Data follows below. Repeat exactly the lines between the line holding "Used 2022 Tesla" and the line holding "Used 2022 Mercedes-Benz", inclusive, and nothing more; drop pictures.

RECORDS FOR THIS TASK —
*** Begin section ***

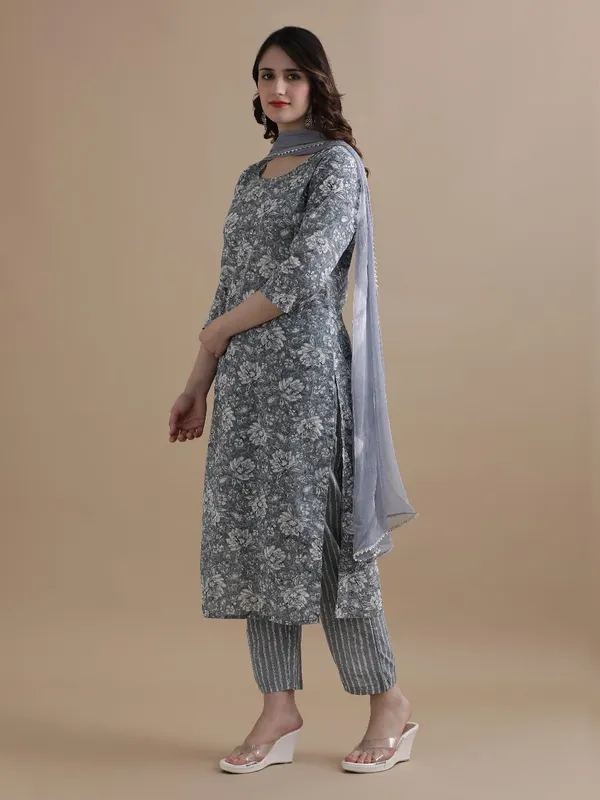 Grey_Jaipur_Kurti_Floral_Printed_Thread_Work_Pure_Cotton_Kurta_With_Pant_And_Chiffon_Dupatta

*** End section ***
*** Begin section ***

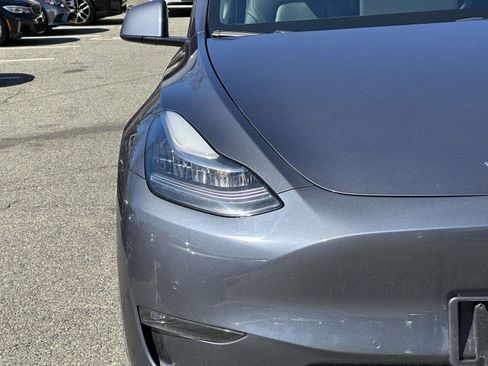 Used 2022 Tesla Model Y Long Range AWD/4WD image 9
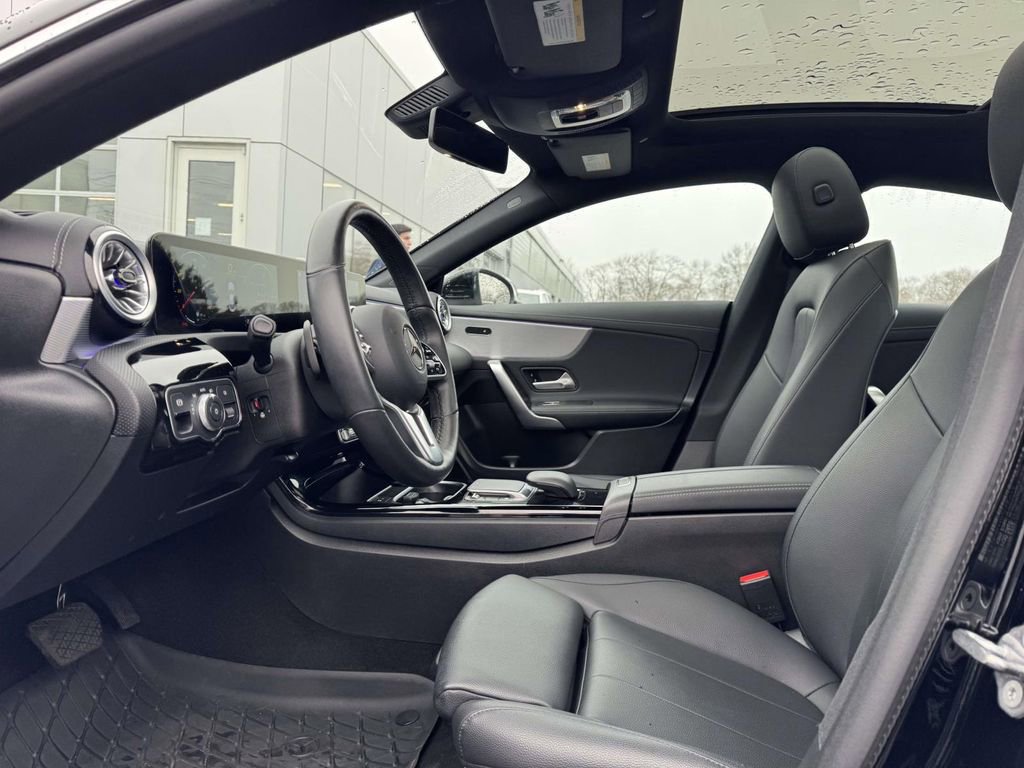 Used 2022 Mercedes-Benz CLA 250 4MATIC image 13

*** End section ***

WRITTEN ANSWER —
 Used 2022 Tesla Model Y Long Range AWD/4WD image 9
 Used 2022 Mercedes-Benz CLA 250 4MATIC image 13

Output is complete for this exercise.